Note: I’m assuming you are asking about comparing clusters to GPUs. A cluster is a set of compute nodes connected by a high-bandwidth, low latency interconnect like infiniband or myrinet. These typically have bandwidths of 10Gbps at latencies in the microsecond range. Clusters are for running one single calculation at a speed much faster than a single node can do.
Grids of embarisingly parallel tasks such as Seti@home or folding@home are a completely different topic. They compute many hundreds of independent calculations.
The short answer to the trade offs between GPUs and clusters is that it depends on the application. Here is a breakdown for my application, molecular dynamics (MD).
On a cluster, MD is breaks up the problem across a number of nodes.
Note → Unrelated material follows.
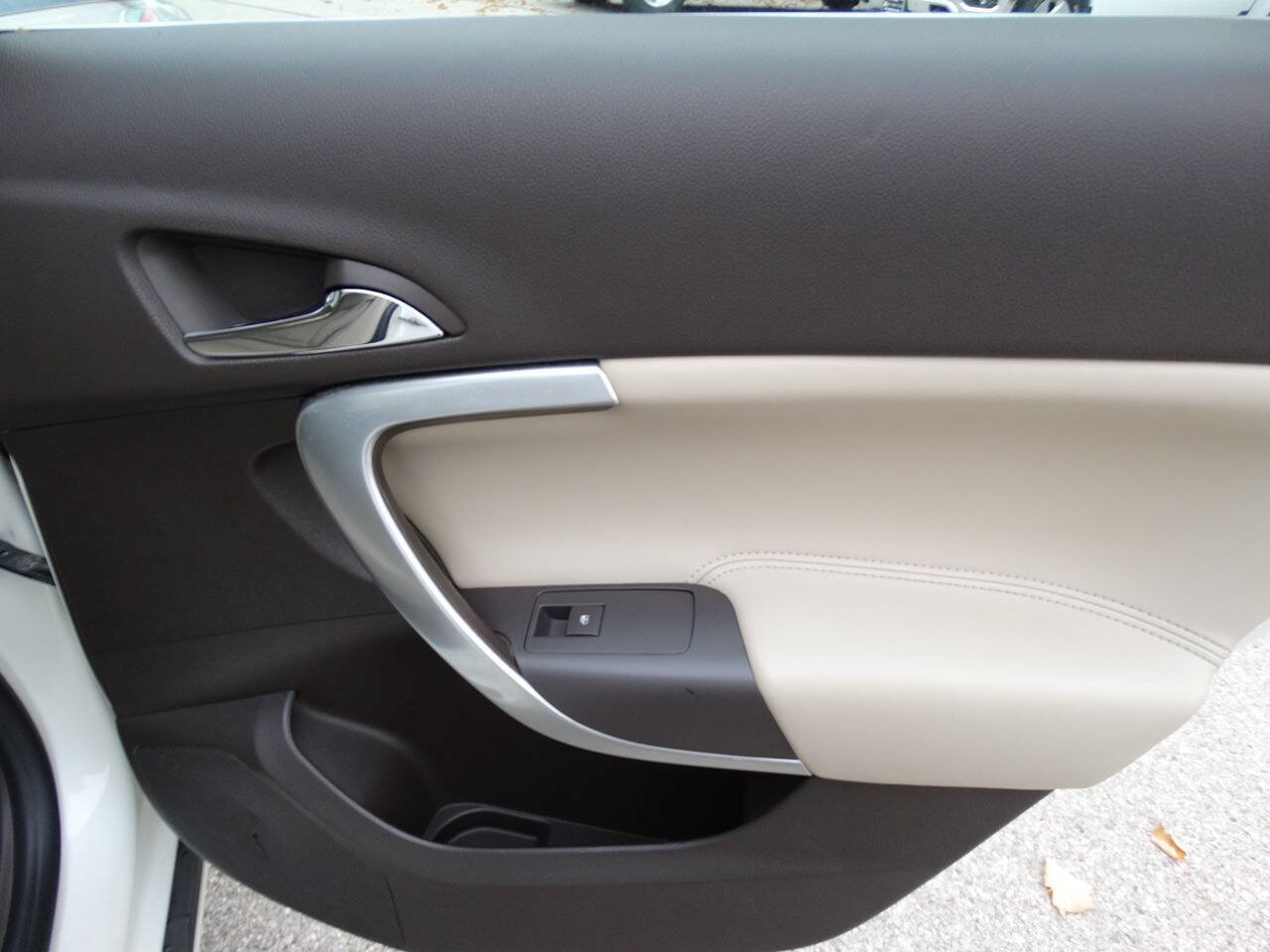 Used 2015 Buick Regal Premium AWD/4WD image 35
Each node updates a small set of particles and then communicates with it’s neighboring nodes. This process intercommunication occurs quite often (up to 700 times per second in my systems). So, in MD there is a fairly high fraction of communication to processing time. As more nodes are used in a computation, the performance increases, but the communication overhead increases as well. For example, I typically run simulations on 64 or 128 processors and the comm overhead is 40%. If I use any more, the point of diminishing returns is reached, and the overall performance does not increase. Even with this, I’m still waiting days for sims to run.
So, for my application, the biggest disadvantage of running on a cluster is the communication efficiency. To get a single job done in a reasonable time, I need to use almost twice as many compute nodes as needed. Other disadvantages of clusters include administration, cost, and downtime. The advantages are that clusters have been around long enough that there plenty of places to buy them from and most of the scientific software out there supports them. So, one can get working software up and running quickly.
Running on a single GPU, the biggest advantage over the cluster would be the lack of the communication overhead => more efficient calculations. That, and cost, with a $500 GPU potentially having the performance of a 32 node cluster in my application.
Disadvantages of the GPU: 1) High development time. There isn’t a well established set of software out there for doing calculations on the GPU yet. 2) Lack of double precision math (though this will be changing in the near future) 3) Not every type of calculation is well suited to be done on the GPU
Of course, I one day hope to take the good with the bad and build a cluster of GPUs for some insane performance :) Though I half expect the communication overhead to be so huge that it isn’t worthwhile. I’ll need to do some testing first.